When a password or API key needs to be updated, follow these steps to ensure a safe transition.

  1. Back up the existing secret: Always create a local backup before making manual changes.

    oc get secret <secret_name> -n <namespace> -o yaml > secret_backup.yaml
    
  2. Update the data: Encode the new value in base64 and apply the patch to the secret.

    # Generate the base64 string
    echo -n 'new_password' | base64
    
    # Patch the existing secret with the new value
    oc patch secret <secret_name> -p='{"data":{"password":"<base64_value>"}}'
    
  3. Trigger App Refresh: Environment variables sourced from secrets are not automatically injected into running processes. You must restart the deployment to pick up the changes.

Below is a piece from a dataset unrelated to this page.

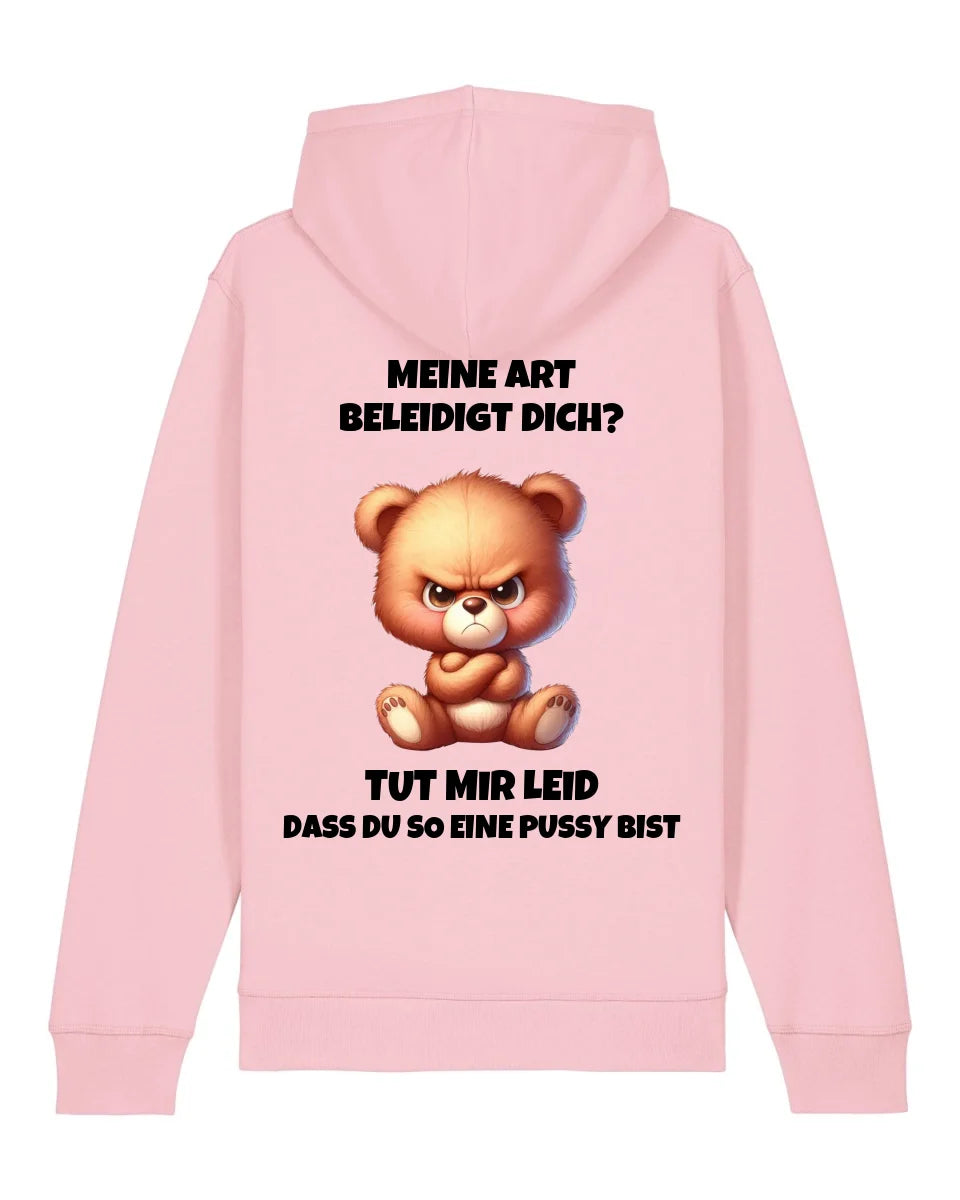 Pussy - Organic Unisex Hoodie (personalisierbar) Drummer 2.0 Hoodie ST ST Cotton-Pink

    oc rollout restart deployment/<deployment_name> -n <namespace>
    

3. Certificate Monitoring

Monitoring the validity of internal and external certificates is vital to prevent service outages, "Invalid Certificate" browser warnings, and broken internal API communications.

Checking Expiration

  • Check Cluster Operator Certificates: Monitor the status of certificates managed by the cluster configuration.
oc get secrets -n openshift-config-managed | grep certificates
  • Verify Route Expiry: For external-facing HTTPS routes, manually verify the expiration date of the provided certificate.
    oc get route <route_name> -n <namespace> -o jsonpath='{.spec.tls.certificate}' | openssl x509 -enddate -noout
    

Resolution

  • Automatic Rotation: If a Service CA certificate (internal) is approaching expiration, OpenShift is designed to rotate it automatically.
  • Failure Protocol: If the automatic rotation fails, or if a manual Route certificate has expired, do not attempt to delete the certificate. Escalate the ticket immediately to the L2 Infrastructure Team.

4. Escalation Matrix

When L1 troubleshooting steps (such as log analysis, resource checks, or Cordon/Drain procedures) do not resolve the incident, follow this matrix to transition the ticket to the appropriate team.

Support Tiers

Level Role Trigger Criteria
L1 Support Analyst Initial triage, log gathering, pod restarts, and basic storage/network connectivity checks.
L2 Cluster Admin Persistent node failures, SDN/Networking issues, or backend storage errors.
L3 SRE / Architect Cluster-wide performance degradation, API Server instability, or Etcd database corruption.
Vendor Red Hat Support Confirmed product bugs, core OpenShift platform failure, or as directed by L3.